Despite these challenges, the XRP Ledger is continuing to make forward progress because of the hard work of a number of dedicated ecosystem participants, such as the XRPL Foundation. In parallel, many in the XRPL community, including Ripple, are working to more thoroughly understand the issues and propose the best path forward.
Since 2013, Ripple, along with others in the community, has contributed improvements to various components of the XRP Ledger and related technology—including on components such as rippled and xrpl.js.
The team has submitted proposed enhancements to the performance of the codebase that, after approval by the broader community, have already been adopted—including a set of changes that dramatically reduced the memory usage for servers. These fixes, which appeared in the 1.7.0 release, are already helping the network to cope with the increased load.
Prior to the recent instability, engineers were already working on several proposed changes that should help improve the scalability and performance of the XRP Ledger, but the events of the past few weeks have caused us to redouble our efforts.

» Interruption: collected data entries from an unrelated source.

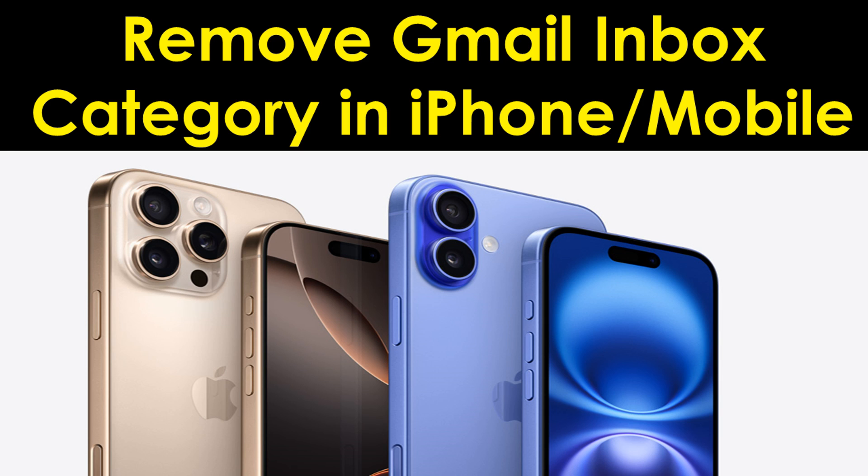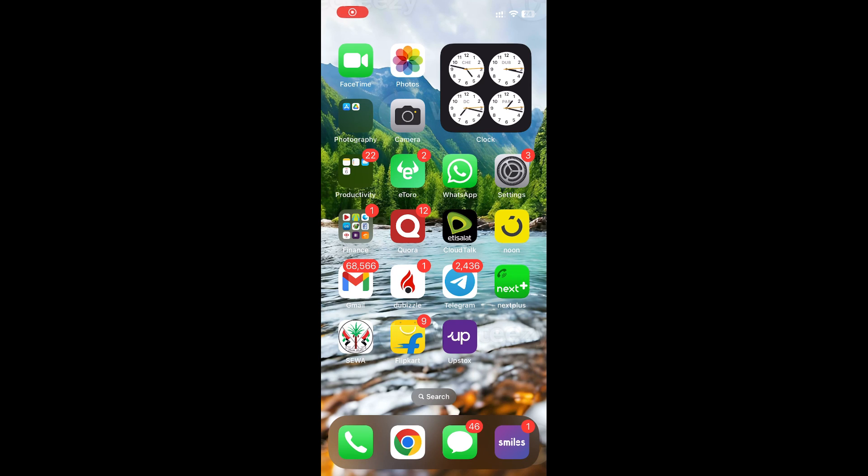Hello everyone, welcome back to my YouTube channel. Today in this video I'm explaining how to remove Gmail inbox categories in iPhone or Android mobiles. So for that, first of all you need to go to Gmail.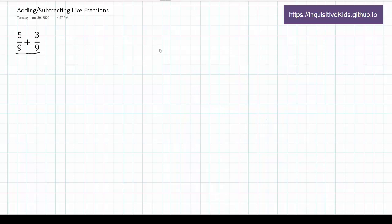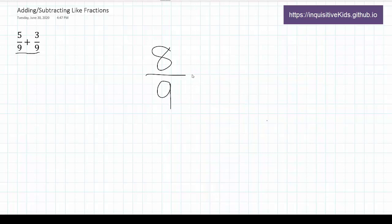What you really need to do is add the numerators, or top numbers together, in this case, 8. The answer to 5 over 9 plus 3 over 9 is equal to 8 over 9.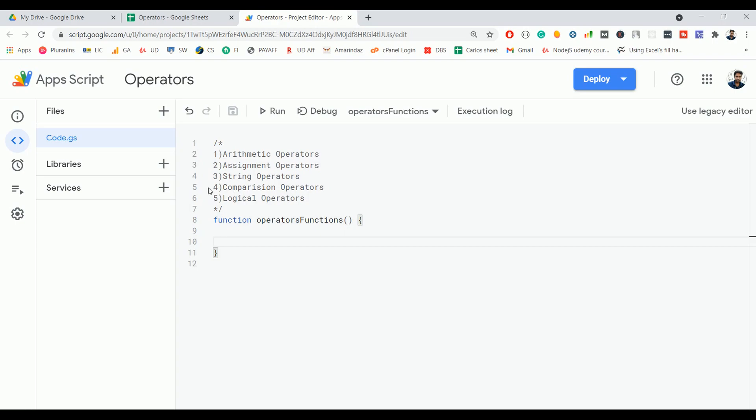Hello everyone, welcome back to the Google Apps Script tutorial series. In today's video we're going to discuss operators in Google Apps Script. If you're familiar with any programming language like Java,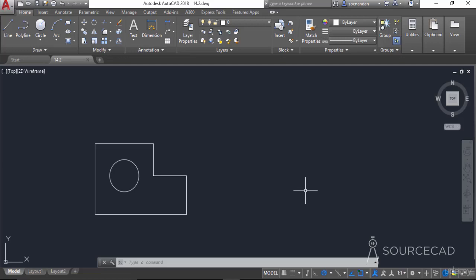In this video I will tell you about creating a parametric drawing with the help of the infer constraint status bar option.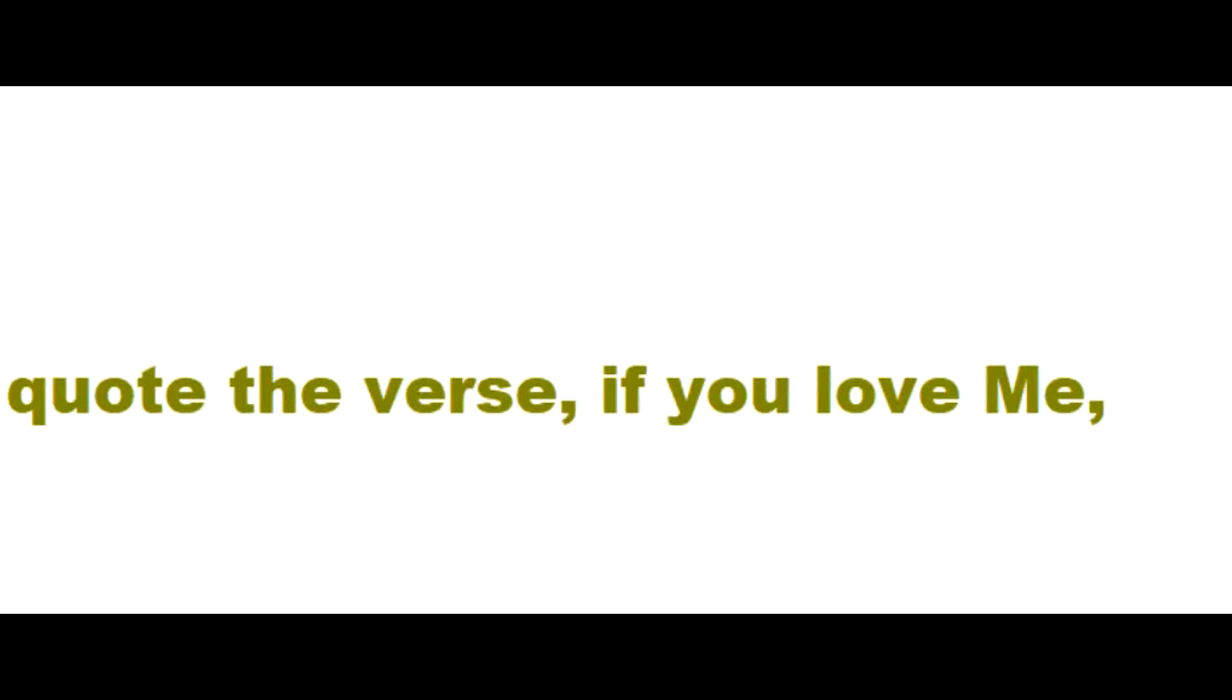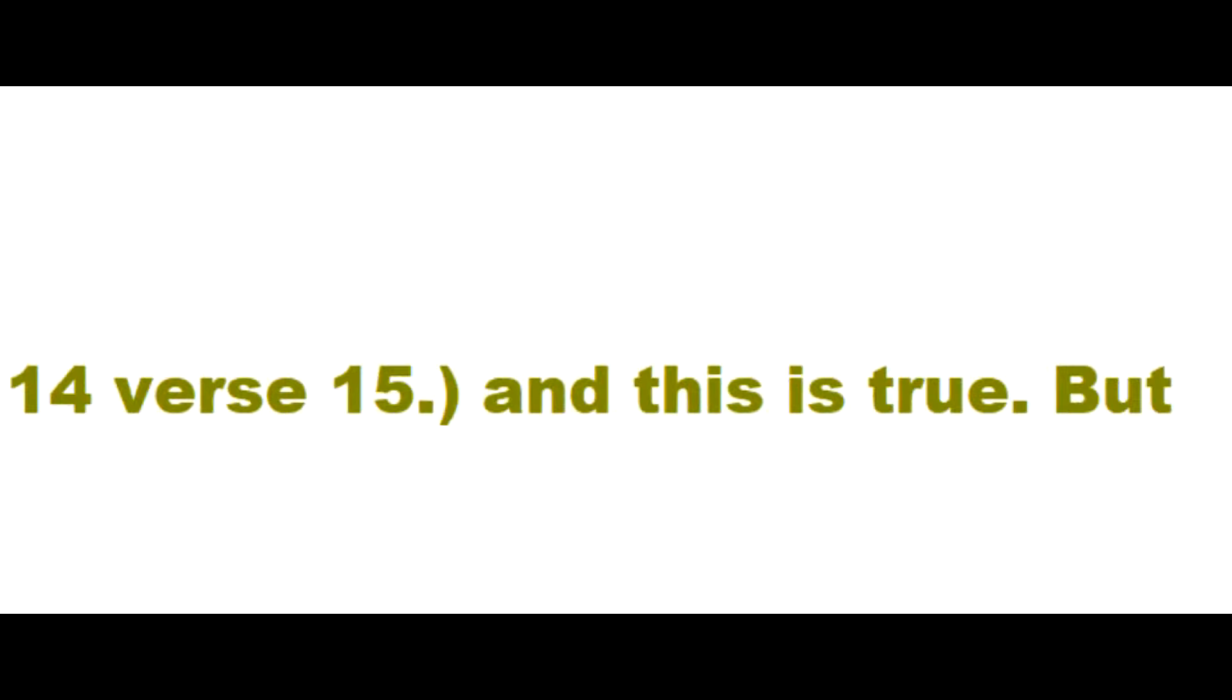There are those who like to quote the verse, 'If you love me, keep my commandments,' John 14 verse 15, and this is true. But if you only keep my commandments by keeping only the letter of the law, without being full of my spirit of love, joy, peace, long-suffering, kindness, goodness, faithfulness, gentleness, self-control, and are in constant fellowship with me, you have failed.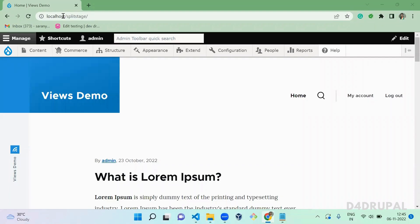Hello everyone, welcome to the D4Drupal channel. Today we are going to see how to debug your PHP code by using XDebug. First, you have to download a DLL file based on your PHP version.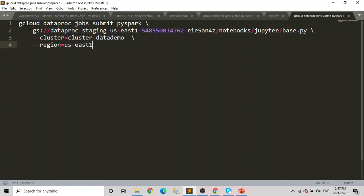After that, wherever your Spark driver program is written, you point out to that location. I'm using the default location in my Dataproc, but you can have it in a different storage within the Google Cloud. You can go there and pick that location or use that location, and after that you just need to pass your cluster name and the region name.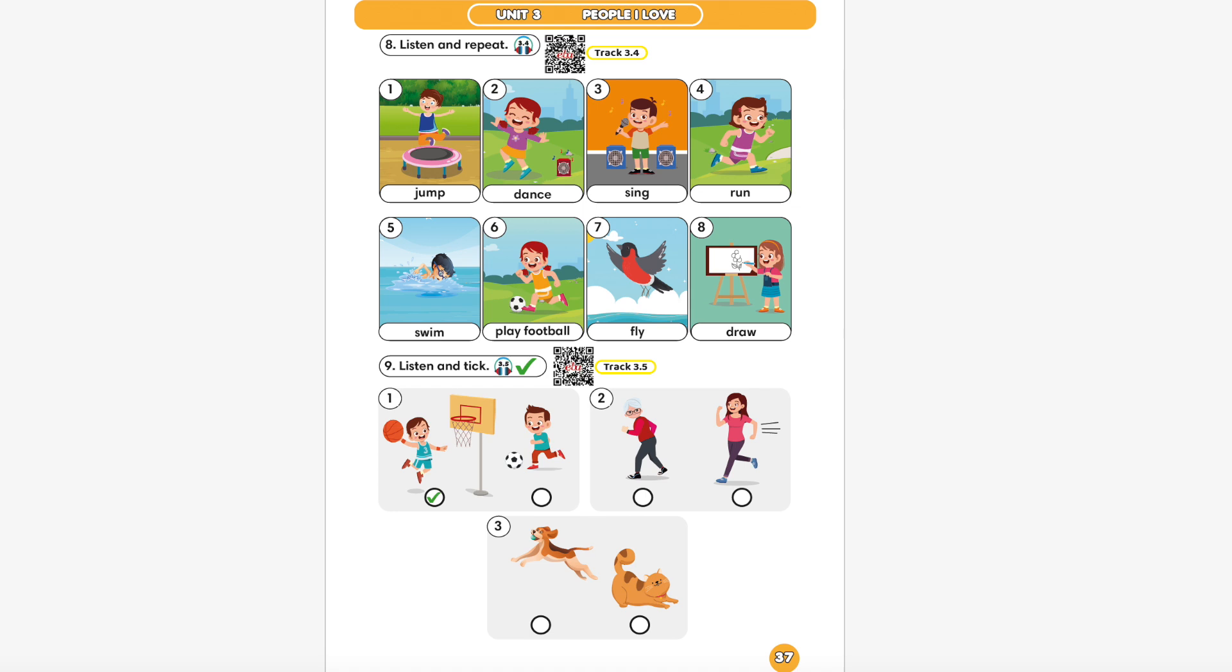Part 9. Listen and tick. 1. My brother is tall. He can play basketball. 2. My mother is young. She can run fast. 3. My dog is slim. It can jump.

In the weeks ahead, our team will continue to work hard to identify performance bottlenecks and propose targeted improvements to fix issues.
Some of the things that we are going to propose include:
- Making it easier to run rippled in Reporting Mode – a special mode that’s tailored to handling RPC and WebSocket client requests outside of the main rippled process and which can scale horizontally, making it possible to service more clients, more efficiently.
- Working on “Project Clio,” which was presented at Apex, and is being designed to efficiently service RPC and WebSocket client requests.
- Building profile-guided improvements that help eliminate lock contention, avoid resource starvation, and enhance I/O performance, all of which should make servers perform better at higher loads.
- Proposing several protocol-level improvements, including changes to the binary representation of some objects like trustlines, which should result in significant additional memory savings, reduced overhead, lower bandwidth usage, faster sync times for servers, and less memory pressure for servers.
The XRP Ledger is an open-source, shared resource and no one party is responsible for it. Several participants in the community have already stepped up, with many going above and beyond. We at Ripple are also focusing engineering efforts on understanding and solving the issues, but as with everything on the ledger, it requires community effort and so we call on everyone in the XRPL community to contribute to the solution.
Numerous exchanges and other participants use the XRP Ledger. We also call on them to operate infrastructure in support of the network with the same care and diligence that they use in operating their other production environments.
We believe that the issues related to the rapid growth of the XRP Ledger are transient and, with the help of the broader community, will be solved, so that the Ledger will continue to get stronger as it grows.